I should add that it's often helpful to validate how she feels (this helps soothe the emotional arousal), and then move things along.
Sometimes, too, the whirling vortex of emotions is an inner battle that just needs to pass through -- we help by staying stable, protecting ourselves if necessary, and letting them know we will be there on the other side.
But in all of this is an opportunity to investigate how you feel about what she is saying. It might be something you do here, with us, or something you talk to a therapist about. Your daughter feels very hurt by her dad's behavior, and that is perfectly valid. It probably is very hard to have a BPD father. My son's father is BPD/NPD and it had a very devastating impact on him -- he is able to now articulate that he resented the way his dad reversed the parent-child role, not to mention the emotional roller coaster and other issues.
It is very painful to admit this is all true. I validate his feelings and I allow myself a short sip from the faucet of guilt.
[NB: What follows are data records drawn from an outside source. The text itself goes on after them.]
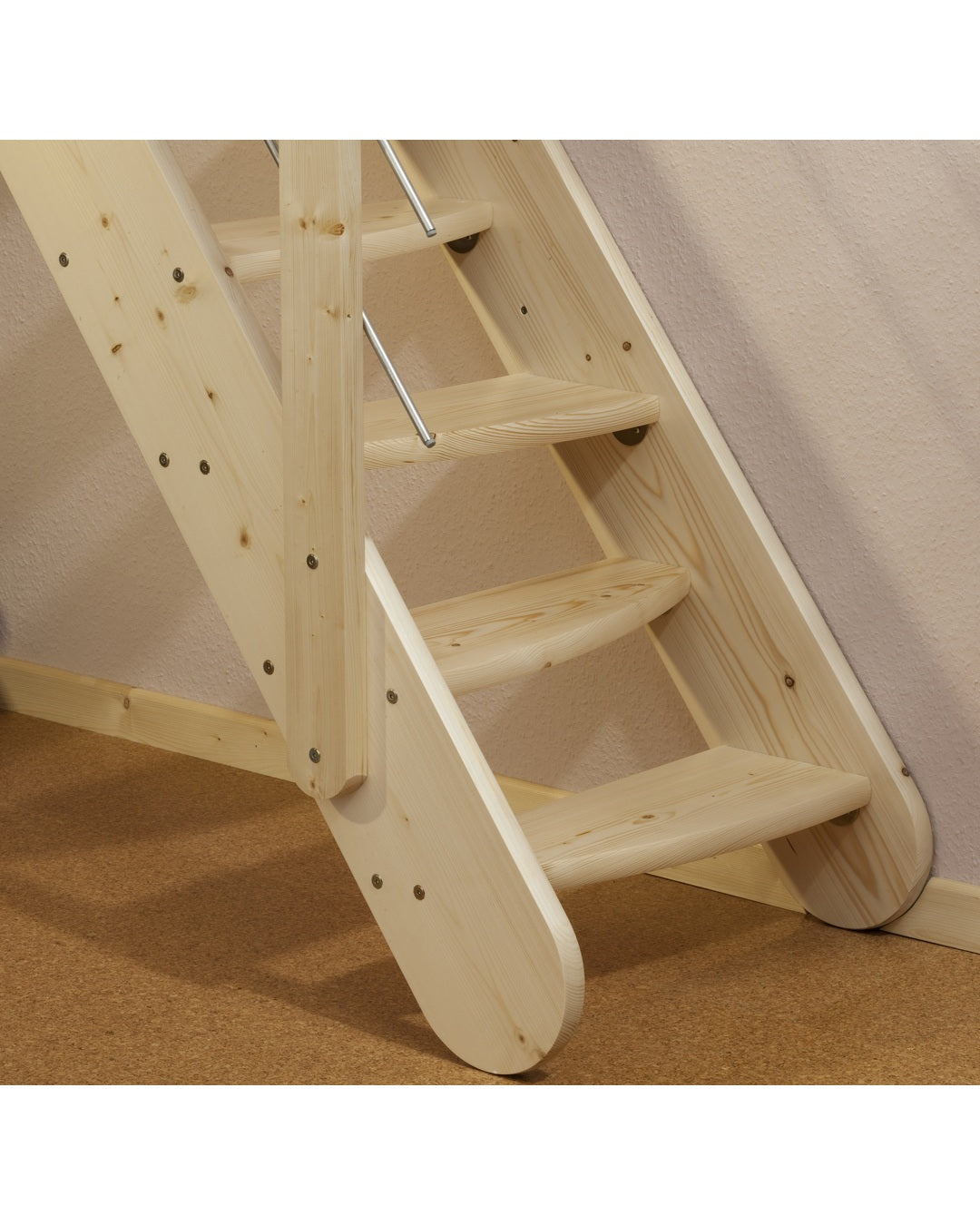 DOLLE Bern – Stufendetail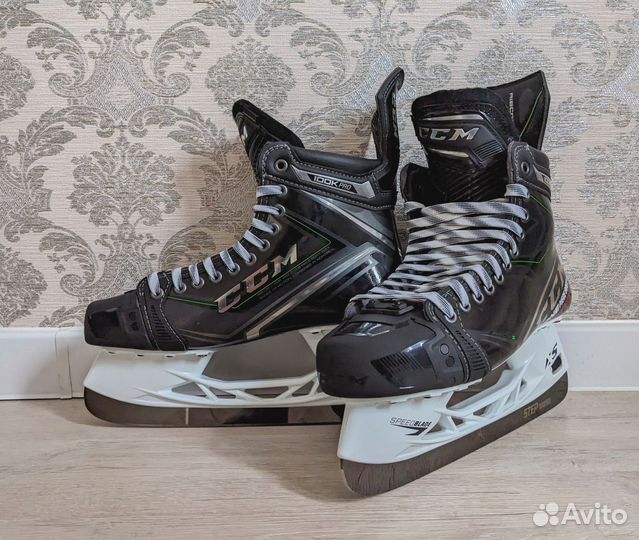 Коньки хоккейные CCM Ribcor 100K Pro 10D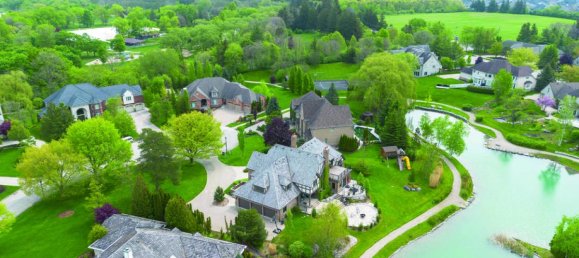 6 bedrooms House in Waterloo, Canada No. 818 8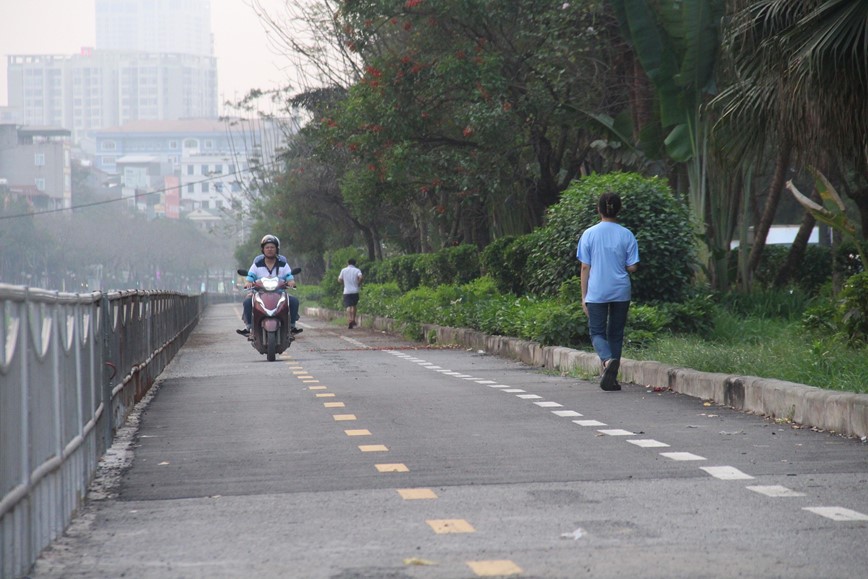 Ha Noi: Xe may “tranh thu” di vao duong danh cho nguoi di bo - Hinh anh 12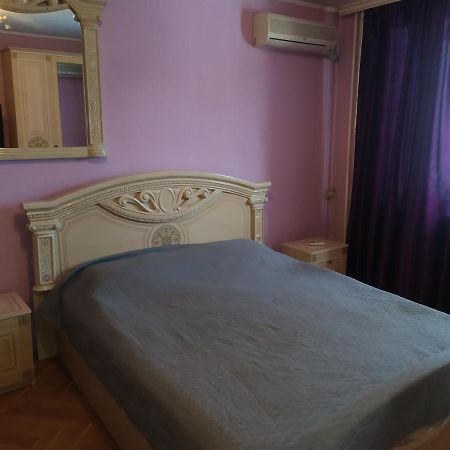 Затишні Апартаменти В Центрі Ρίβνε Εξωτερικό φωτογραφία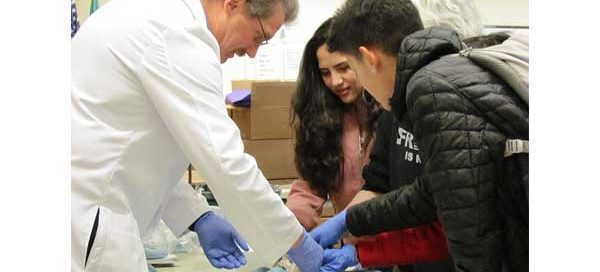 Prof. Murry and middle school students examine tissue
If he feels pain and can abide it, we may linger a while and just feel the sadness. If he becomes emotionally dysregulated or angry, I move things along. Our own guilt can get in the way of validating how our kids feel. Afraid of drowning in that guilt, we defend ourselves or deny or deflect their feelings. Often, what our kids want is to feel heard.
If it turns into a blame fest and we become punching bags, it is best (for us, and for them), to have good boundaries about how that conversation will be handled going forward.
She wants to respect you, is my guess. She may be angry about you not protecting her as a child, and that is now history. Nothing can be done to change how things were. You can, however, become someone she respects in the way you interact with her now.
It's hard, I know. We're here for you as you navigate this path.